Icky's face shaded pink and his red crew cut seemed to bend
forward, like the hair on a dog's back. Icky inhaled deeply, signaling that enough was enough.

“Now, hear this. I already told you, we don't need no players. We … don't … need … no … players.”

No one said anything. Icky went on, “So go play your games and let us play ours.”

Jackie said, “But …”

“We don't need players.”

“But …”

“We don't need players.”

“But …”

“We don't need players. I don't want to have to tell you again. What can't you unnerstand? Jesus Christmas, you people really are stupid.”

Jackie stopped bouncing the ball. He squeezed the Spaldeen in his hand.

“What was that?”

“You heard me. Get the wax out of your ears.”
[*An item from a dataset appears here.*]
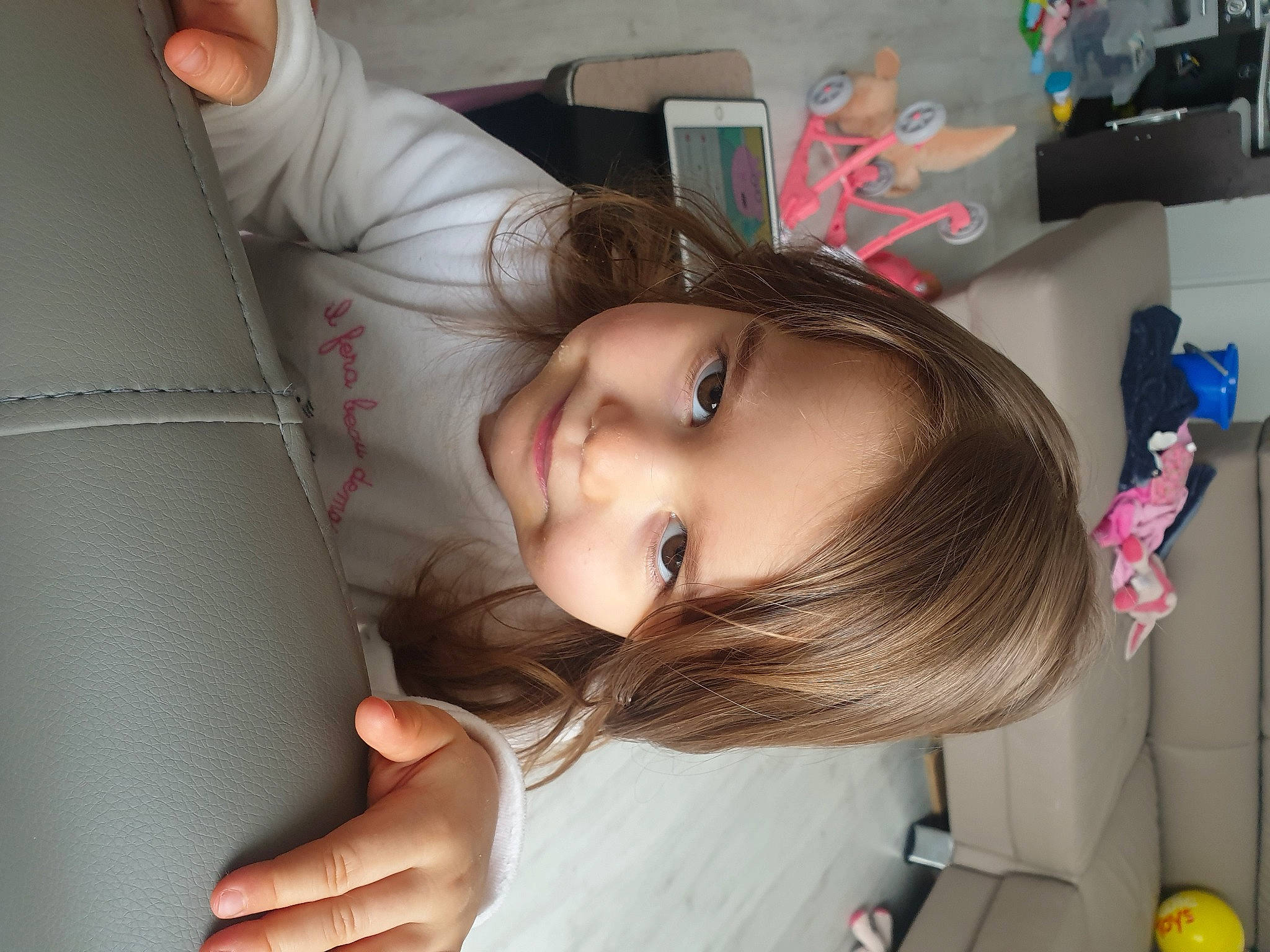 Lena a rejoint le concours — aidez-le/la à gagner de superbes lots ! arm, beauty, brown_hair, cheek, child, ear, eyelash, finger, hair, hair_coloring, hand, joy, lip, long_hair, material_property, mouth, nail, neck, nose, person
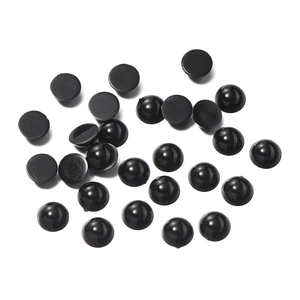 Vista macro di occhi per bambole in plastica nera lucida con retro piatto per artigianato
“Man, what is your problem?”

“I ain't got a problem. And don't you look at me that way. You wanna start something with me?”

“I ain't looking for a fight.”

Icky pushed Jackie's shoulder and said, “Well, maybe you found one.”

Jackie stepped back and said with disgust, “I ain't trying to start nothing.”

Icky said, “Who do you think you're starting with? I guess you want to start something with me.”

Jackie looked into the white faces. The white faces stared backed with expressions that said, “What did you expect?” And Jackie gave up. He seemed to fold. He examined the ground. He studied his sneakers.

Icky maintained his fighting stance, hands clenched, feet planted, body coiled. Icky's eyes were blinking fast. He wrinkled his nose and said, “If you wanna start with me, let's get started. Otherwise—take a powder.”